Bei außerhalb staatlicher Verantwortlichkeit liegenden Gegebenheiten im Herkunftsstaat kann nach der ständigen Rechtsprechung des Europäischen Gerichtshofes für Menschenrechte (EGMR) die Außerlandesschaffung eines Fremden nur dann eine Verletzung des Art. 3 EMRK darstellen, wenn im konkreten Fall außergewöhnliche Umstände ("exceptional circumstances") vorliegen (EGMR 02.05.1997, D. gg. Vereinigtes Königreich, Zl. 30240/96; 06.02.2001, Bensaid, Zl. 44599/98; vgl. auch VwGH 21.08.2001, Zl. 2000/01/0443). Unter "außergewöhnlichen Umständen" können auch lebensbedrohende Ereignisse (zB Fehlen einer unbedingt erforderlichen medizinischen Behandlung bei unmittelbar lebensbedrohlicher Erkrankung) ein Abschiebungshindernis im Sinne des Art. 3 EMRK iVm. § 8 Abs. 1 AsylG 2005 bilden, die von den Behörden des Herkunftsstaates nicht zu vertreten sind (EGMR 02.05.1997, D. gg.
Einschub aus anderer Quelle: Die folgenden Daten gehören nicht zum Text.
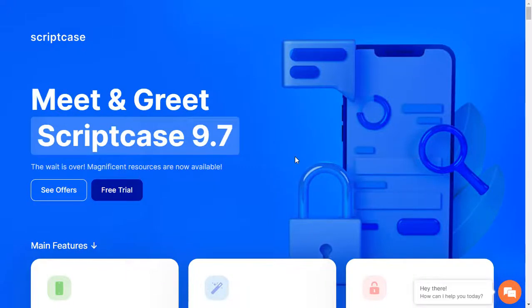Hello everyone and welcome back to another Scriptcase tutorial. Today we're going to see the Fixed Column options within Scriptcase Forms.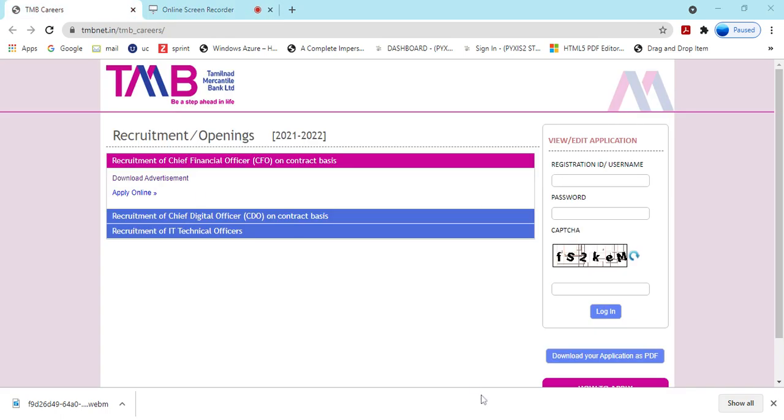Hi friends, again the jobs of TMB Bank in technical officer. TMB Bank technical officer requirement photo. This is only in the interview mode, which is not a combined exam or written examination.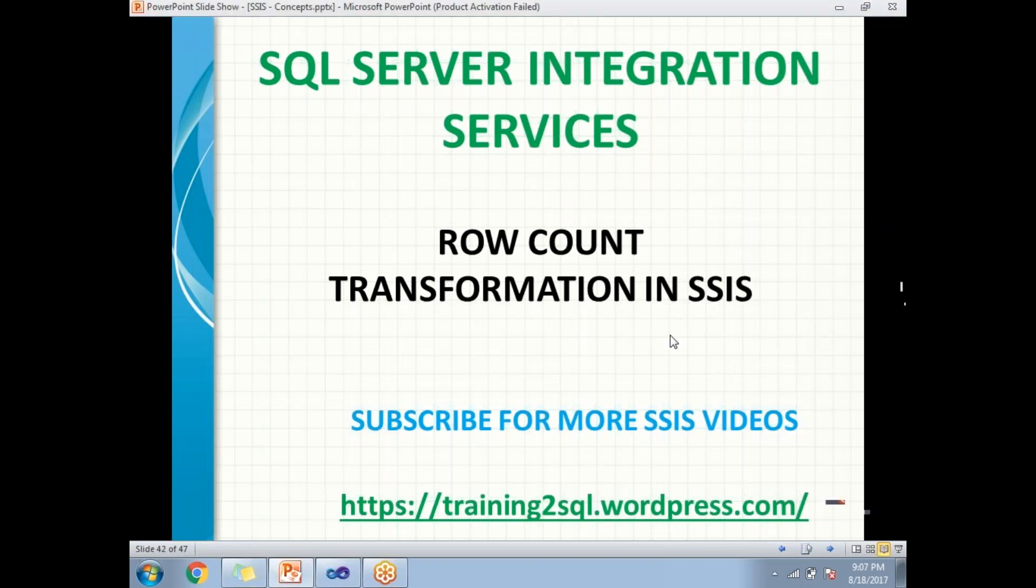Row count transformation is one of the transformations in the SSIS toolbox. We may not use this transformation very regularly in all scenarios, but it has uniqueness and helps us identify the number of rows flowing through this transformation.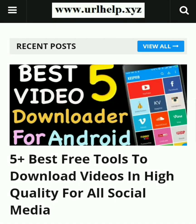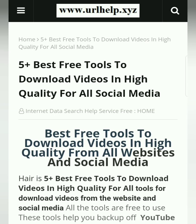I am here to help you searching information on the internet. Today's topic is 5 best free tools to download videos in high quality from all social media and websites.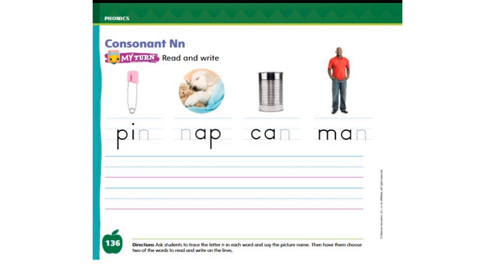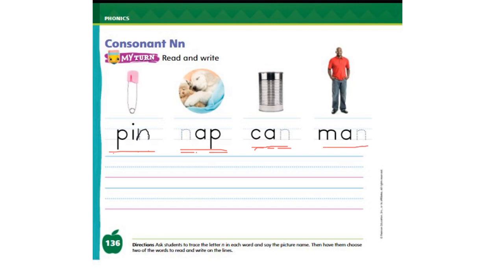Okay. On this page, we need to trace the letter N. After you trace the letter N, you have to read the words. Let's read the first one together: pin. P-I-N. Pin. Can you read the second word? Nap. N-A. Nap. Can you read the third word? Can. K-A-N. Can. Can you read the last word? Man. M-A-N. Good job. Well done. Now, you need to pick two words and write them on the lines here — any two words with the sound N. Okay. Bye-bye for now.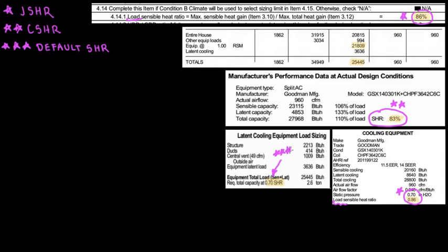The default sensible heat ratio is the name I'm putting to this parameter, 0.70. You're not going to find this labeled as 'default sensible heat ratio' in most books. In manual J from ACCA, they have it as J sensible heat ratio, coil sensible heat ratio, and a little bit of default sensible heat ratio. RightSoft definitely puts this at 0.7 or 0.73.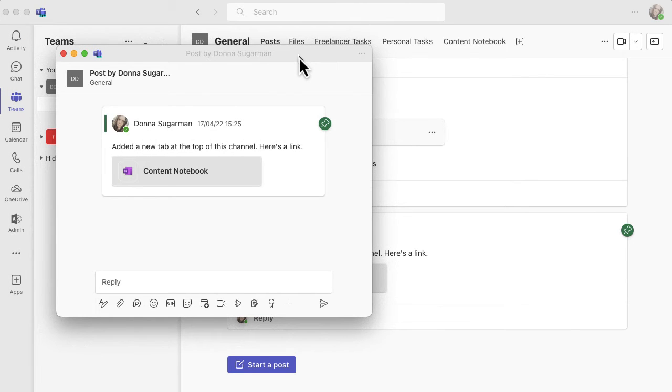Obviously if there were lots of replies, I'll be able to scroll down and see it. I can also add to that conversation, to that post.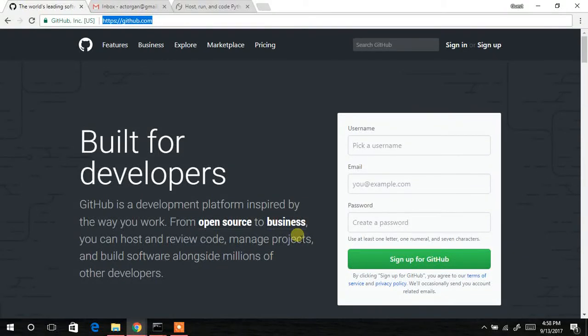In this tutorial, you're going to learn how to create a GitHub account and also a Python Anywhere account. To do that, you have to open your browser and make sure you're connected to the internet.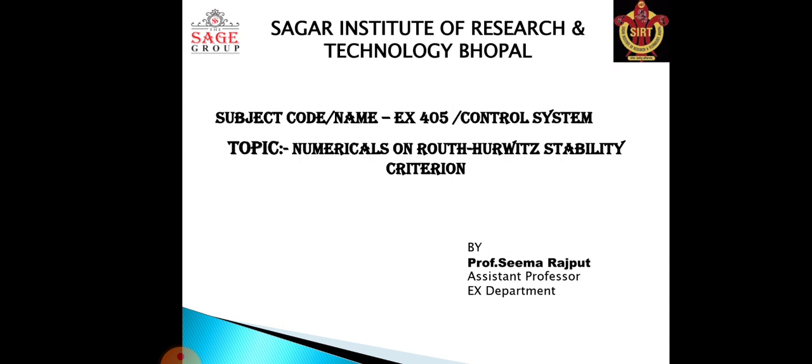Today we will discuss the numericals on Routh-Hurwitz stability criteria. In the previous class we discussed the basics of Routh-Hurwitz stability criteria — specifically Case 1 — and today we will discuss Case 2.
Vereinigtes Königreich; vgl. VwGH 21.08.2001, Zl. 2000/01/0443; 13.11.2001, Zl. 2000/01/0453; 09.07.2002, Zl. 2001/01/0164; 16.07.2003, Zl. 2003/01/0059). Nach Ansicht des VwGH ist am Maßstab der Entscheidungen des EGMR zu Art. 3 EMRK für die Beantwortung der Frage, ob die Abschiebung eines Fremden eine Verletzung des Art. 3 EMRK darstellt, unter anderem zu klären, welche Auswirkungen physischer und psychischer Art auf den Gesundheitszustand des Fremden als reale Gefahr ("real risk") - die bloße Möglichkeit genügt nicht - damit verbunden wären (VwGH 23.09.2004, Zl. 2001/21/0137).
3.4.2. Auf Grund des durchgeführten Ermittlungsverfahrens und des festgestellten Sachverhaltes ergibt sich, dass die Voraussetzungen für die Zuerkennung des Status des subsidiär Schutzberechtigten gemäß § 8 Abs. 1 AsylG 2005 nicht gegeben sind:
Dass dem BF im Fall der Rückkehr in seinen Herkunftsstaat Folter, einer erniedrigenden oder unmenschlichen Behandlung oder Strafe ausgesetzt sein könnte, konnte im Rahmen des Ermittlungsverfahrens nicht festgestellt werden.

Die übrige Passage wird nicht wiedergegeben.